Further, it’s important to note that solar power can be consumed onsite without the need for expensive transmission lines and doesn’t suffer from transmission losses. These are significant benefits over centralised power models, which require extensive infrastructure and significant investment to ensure residents receive electricity.

Electrifying Africa
Few technologies can rival the bankability and scalability of solar power. Nigeria, for example, has found great success with Green Village Electricity, a local distributed energy service company that operates more than 20 solar PV plants across the country. Each of the firm’s microgrid facilities can generate enough energy to power up to 2,000 households, businesses, schools and municipal offices per village.

As a result of this success, almost every country in the Economic Community of West African States is following Nigeria’s lead, with decentralised solar power generation now moving from a vague election promise to official public policy.
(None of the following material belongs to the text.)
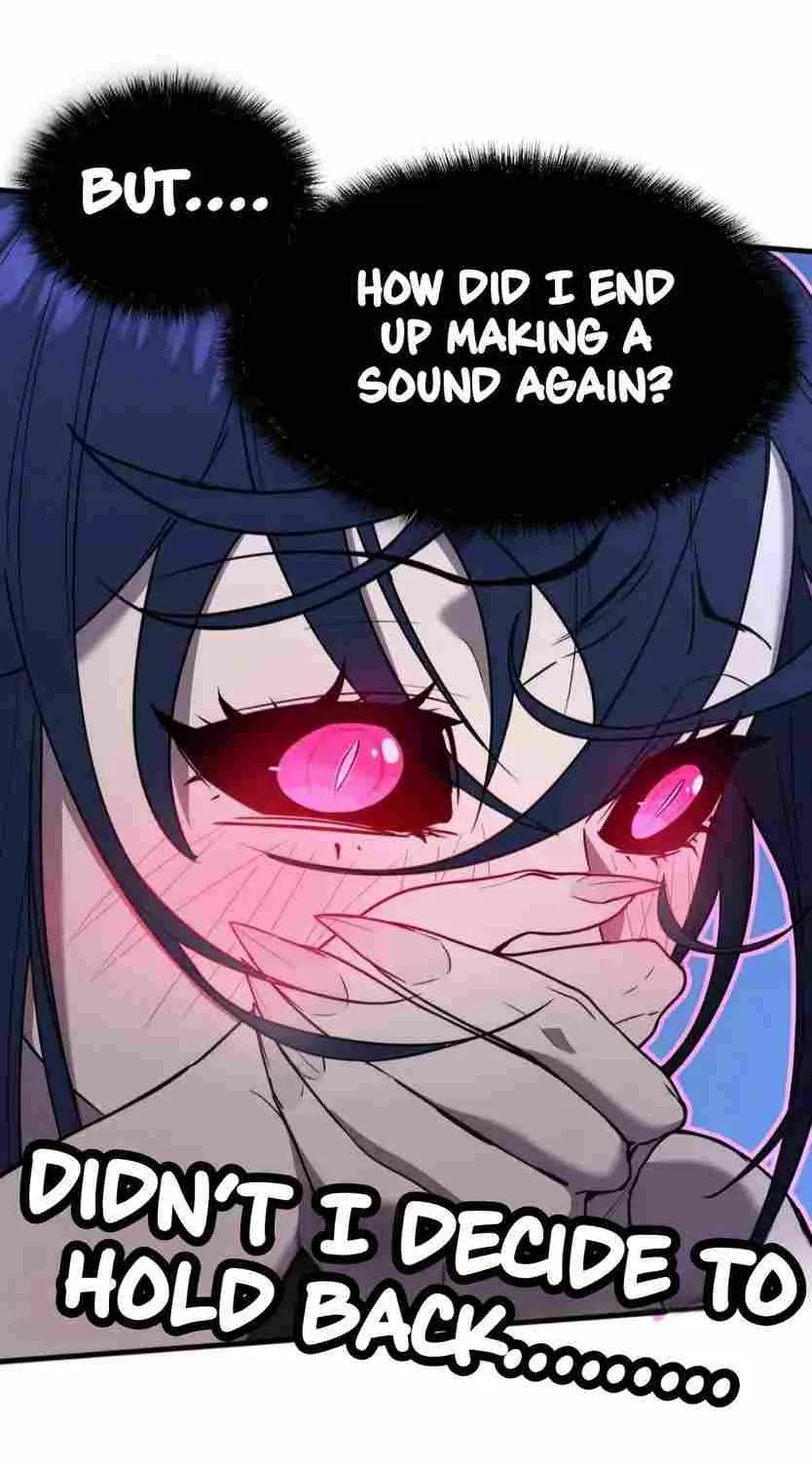 My System Is Very Serious Chapter 18 page 23 -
Some countries have even created decentralised energy agencies that are tasked with fostering greater collaboration between governments, investors, non-governmental organisations and local populations. Off-grid applications are also helping to ensure residents have a reliable source of electricity.

As well as providing comfort and security to citizens, this greater access presents many growth opportunities, notably through the maintenance of new ecosystems and pay-as-you-go services. For this new business model to work, though, bankability is key.

Storage solutions
A key economic driver behind the adoption of solar power is the falling cost of onsite storage. Cheaper solar batteries allow telecoms operators to install more cellular towers, which, in turn, help to spur economic activity in the local area. The same is true of data centres, gas stations, water treatment facilities and other critical services. At Schneider Electric, for example, we have built a unique solution that provides a high-end real estate development in South Africa with energy independence. We have achieved this by combining community-level centralised storage with decentralised power generation.

Homeowners paying to be off-grid want the process to be easy and simple – they don’t want to have large and potentially dangerous battery banks or noisy diesel generators that require constant refuelling standing in their garages. Instead, they want the benefits of power security without having to adjust their lifestyles or pay premiums.

Africa is currently spending $1.2bn per annum on diesel generators for telecoms tower farms that are polluting the atmosphere. By implementing a solar-diesel hybrid system, however, the impact of CO2 emissions can be reduced and operating expenditure lowered. Solar power has the potential to amplify this relationship further than any other decarbonised energy generation technology.

Scalable, affordable and easy to distribute PV technology levels the playing field by ensuring everyone has access to reliable electricity. Indeed, African countries that embrace solar power enjoy a competitive advantage that few western nations can match. Against this backdrop, Africa is proving fertile ground for new business models and cleaner forms of energy.